Plan autisme : une goutte d’eau dans un océan de détresse

07 Avril 2021

Lors de la journée de l’autisme, vendredi 2 avril, Macron s’est rendu dans un centre de dépistage de l’autisme, situé dans un hôpital près de Grenoble. Il s’est félicité à cette occasion de l’ouverture de 63 de ces centres depuis 2018, date à laquelle le plan autisme a été initié.

Macron bien sûr n’a pas évoqué les situations toujours désespérantes dans lesquelles se débattent les familles d’enfants autistes. Certes, ces centres, comme la somme de 400 millions prévue pour lutter contre l’autisme qui touche près de 700 000 personnes, sont salués par les parents et les associations qui y voient un progrès. Pour autant, de nombreux parents ont toujours le sentiment d’être livrés à eux-mêmes pour aider leur enfant, et encore plus quand il devient un jeune adulte.

Depuis 2005, ils ont la possibilité de scolariser leur enfant. C’est important car le jeune autiste qui peine à établir des relations sociales ne peut pas réellement progresser parmi d’autres enfants autistes. Mais, si l’école doit accueillir les enfants en situation de handicap, l’État depuis des années refuse d’y mettre de réels moyens. Ainsi, l’enfant devrait être aidé par un accompagnant des élèves en situation de handicap (AESH). Ce dernier ne bénéficie d’aucune formation sur l’autisme et est donc souvent complètement démuni face à ce handicap spécifique. Ce métier, occupé majoritairement par des femmes, est très mal payé, environ 760 euros par mois en moyenne à cause du temps partiel imposé. De plus, le gouvernement cherche à diminuer l’aide individuelle des enfants par une seule AESH en favorisant l’aide dite « mutualisée », ce qui revient à réduire le temps passé auprès de chaque enfant handicapé. Enfin, un élève autiste peut avoir dans la même année plusieurs AESH différents, ce qui est très perturbant pour lui et l’enseignant.
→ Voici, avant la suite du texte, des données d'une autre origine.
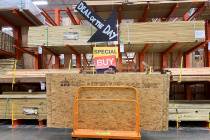 A shopper stands with a dolly of plywood at The Home Depot ahead of Hurricane Dorian on Thursda ...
Quant à la situation de l’adolescent ou de l’adulte autiste, elle est encore pire puisque la plupart des instituts médicaux éducatifs (IME) sont saturés et que les listes d’attente sont interminables. Certains parents se tournent alors vers la Belgique où la prise en charge est bien meilleure. Mais la plupart redoutent de voir leur enfant finir dans un hôpital psychiatrique ou à la rue quand ils ne seront plus là.

Le plan autisme est à l’image de l’ensemble de la politique gouvernementale en matière de santé publique : une communication tonitruante et des moyens dérisoires. Au moment de la visite du président, des soignants manifestaient à l’extérieur pour dénoncer la fermeture de 78 lits dans cet hôpital psychiatrique qui n’en compte plus que 300.